Marcus has aspirations to move back to his home state of New Mexico and live on a ranch with his uncle Billy who had promised to mail Marcus an airplane ticket. However, Lucy doesn't believe Billy was being serious.

Later that day, Marcus sells stolen merchandise to children during recess at the local elementary school while Chip serves as a lookout. There, Marcus meets 14-year-old Melena (Isidra Vega). Marcus invites Melena to his fifteenth birthday party, although she declines claiming her abusive father, Paco (Shawn Elliott), a tow truck driver, doesn't approve of her staying out late.

That night, Melena sneaks out of her apartment and meets Marcus in front of the bar where she gives him her ski mask as a gift before leaving. The next morning, Marcus receives the flight ticket to New Mexico in the mail and relays this information to Lucy. Mack (L.M. Kit Carson), a regular patron at the bar, reveals to Lucy he actually sent Marcus the ticket (under the guise of Billy) believing it would do Marcus good if he left the city.

Marcus, Benny, and Louis are subsequently introduced to Justin (Damian Corrente) and Shane (David Moscow), Chip's drug dealing friends from Miami.
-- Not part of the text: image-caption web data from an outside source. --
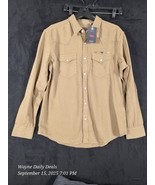 Levi’s “The Western” Standard Fit Tan Western Shirt – Size L - $632.87 MXN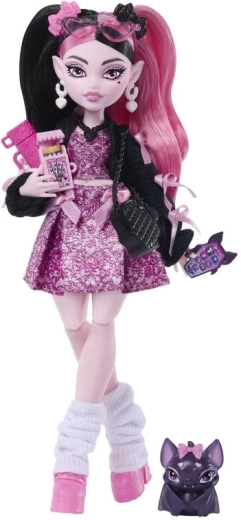 Muñeca Monster High Draculaura con accesorios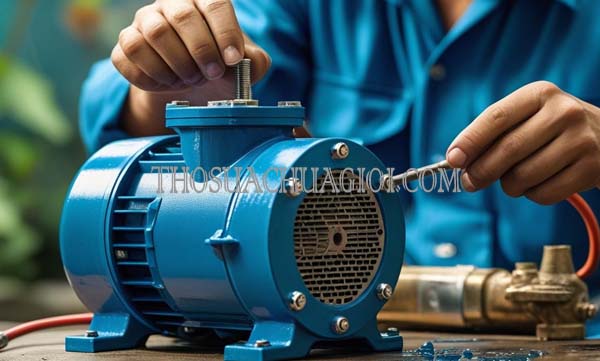 thợ sửa máy bơm nước xã an phú tây uy tín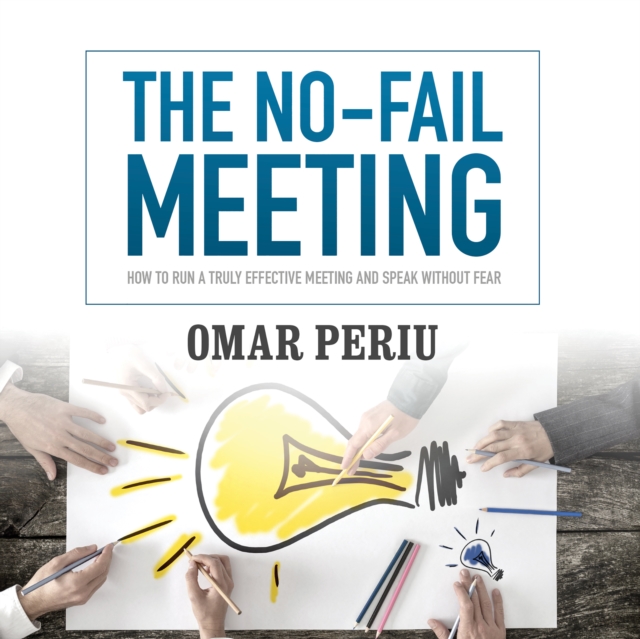 The No-Fail Meeting, eAudiobook MP3 eaudioBook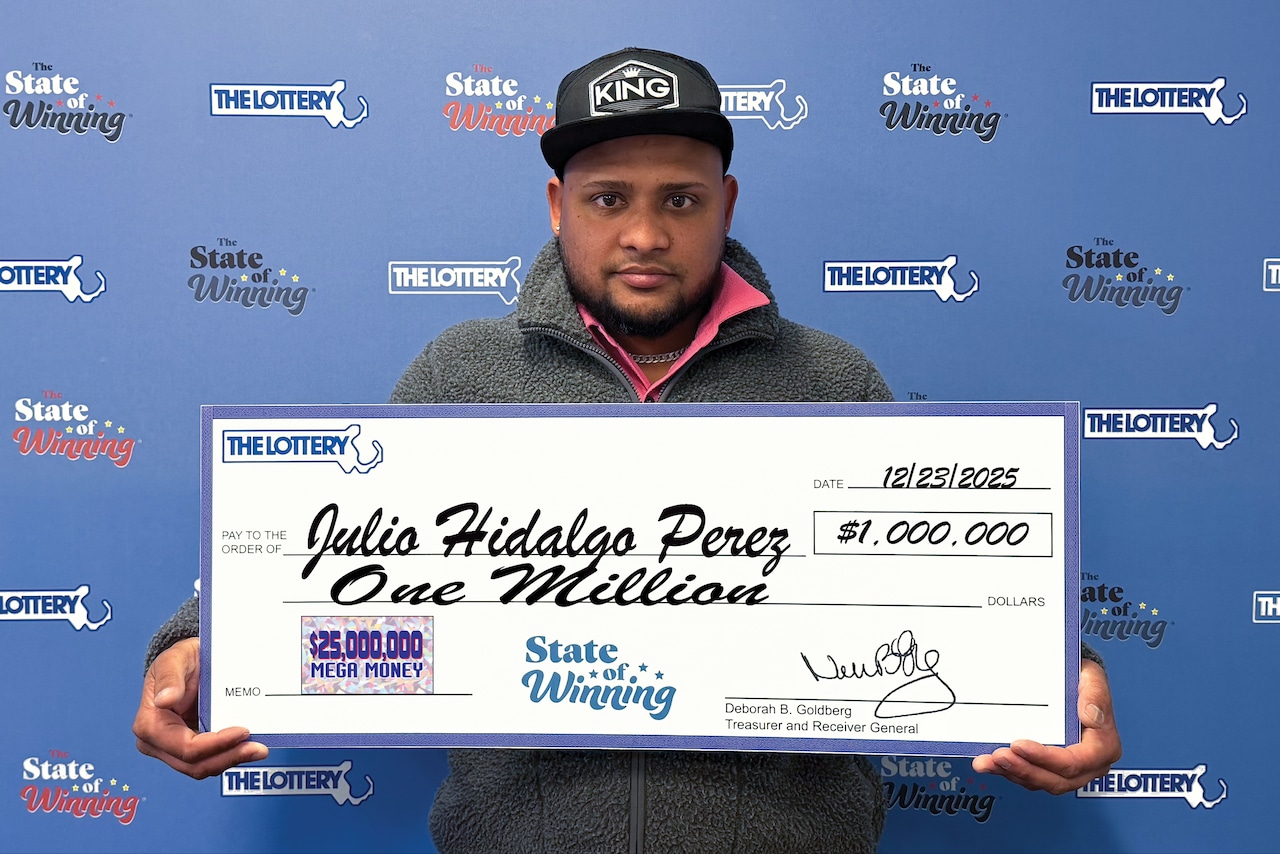 Julio Hidalgo Perez lottery winner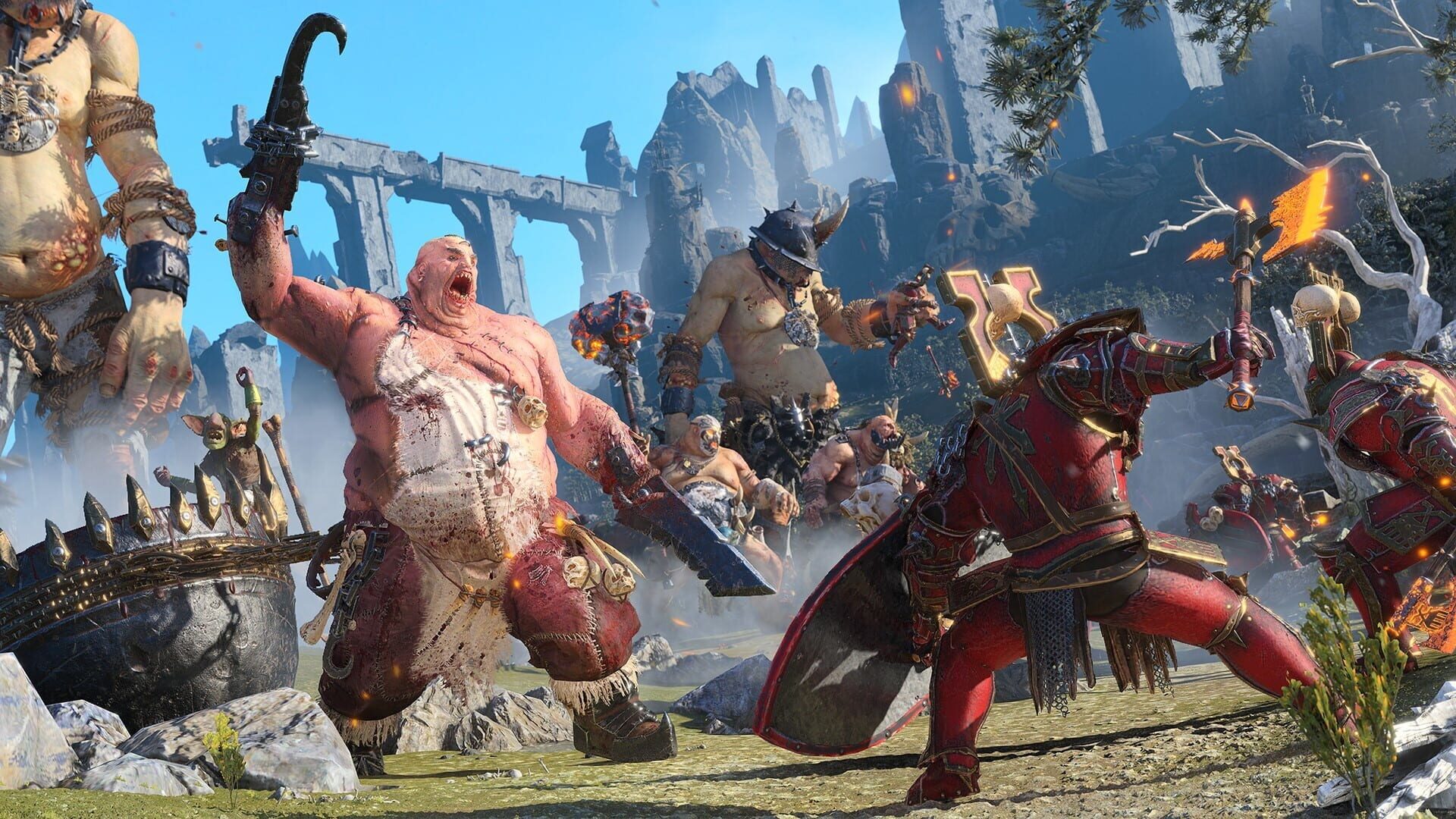 Screenshot for Total War: Warhammer III - Ogre Kingdoms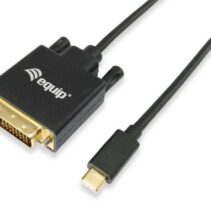 Equip Cable USB-C Macho a DVI-D de Doble Enlace Macho 1.80m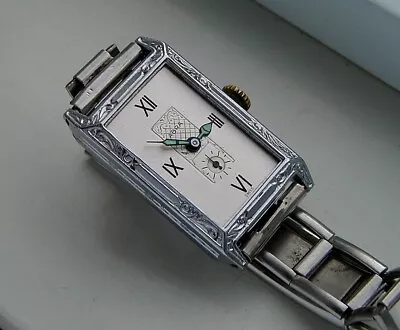 Abra Swiss Wrist Watch Recently Well Serviced 1935 • $273.10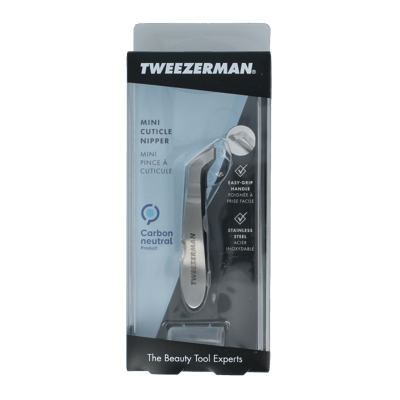 Tweezerman Cuticle clipper mini 1 Stuks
Marcus tells Melena about his plans to move to New Mexico and offers her to join him. Melena declines, knowing her father would never approve and not being able to afford the price of the ticket.

Afterwards, Marcus gets caught by a plainclothes officer named Kramer (Jose Zuniga) after he continues to sell stolen merchandise to the elementary school children and is hauled off to the police station. Marcus is interrogated by Kramer and another detective named Hank (Richard Petrocelli) who threaten to charge him with commercial burglary and inform him that his mother is in prison for murder, not smuggling undocumented aliens like she had told him (it is implied 
that Joanna killed his father.)

Marcus visits his mother and tells her about his meeting with Melena and the two of them planning to travel to New Mexico. Marcus then reveals that he knows she's in prison for killing his father. Joanna explains that his father was abusive towards her and Marcus and didn't know how to tell Marcus without him being upset. She also admits that she isn't up for parole until another four years, but promises Marcus they will go to New Mexico once she is out. Marcus is clearly done with her promises and leaves.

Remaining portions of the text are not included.